- Aim of the exercise
Copy the data from the line that contains "海角直播《世界街头女斗士3》免费在线观看" to its last line, exactly, including both of those lines and leaving out everything before.

- Information

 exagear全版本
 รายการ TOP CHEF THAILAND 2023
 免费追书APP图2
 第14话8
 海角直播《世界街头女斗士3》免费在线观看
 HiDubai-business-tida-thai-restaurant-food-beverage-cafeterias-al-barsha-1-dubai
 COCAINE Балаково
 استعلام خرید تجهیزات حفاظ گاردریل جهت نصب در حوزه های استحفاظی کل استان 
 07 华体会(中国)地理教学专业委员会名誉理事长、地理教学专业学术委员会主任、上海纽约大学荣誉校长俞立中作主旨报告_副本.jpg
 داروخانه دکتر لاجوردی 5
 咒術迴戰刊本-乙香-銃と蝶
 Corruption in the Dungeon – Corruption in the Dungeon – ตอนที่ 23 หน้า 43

- Task result
 海角直播《世界街头女斗士3》免费在线观看
 HiDubai-business-tida-thai-restaurant-food-beverage-cafeterias-al-barsha-1-dubai
 COCAINE Балаково
 استعلام خرید تجهیزات حفاظ گاردریل جهت نصب در حوزه های استحفاظی کل استان 
 07 华体会(中国)地理教学专业委员会名誉理事长、地理教学专业学术委员会主任、上海纽约大学荣誉校长俞立中作主旨报告_副本.jpg
 داروخانه دکتر لاجوردی 5
 咒術迴戰刊本-乙香-銃と蝶
 Corruption in the Dungeon – Corruption in the Dungeon – ตอนที่ 23 หน้า 43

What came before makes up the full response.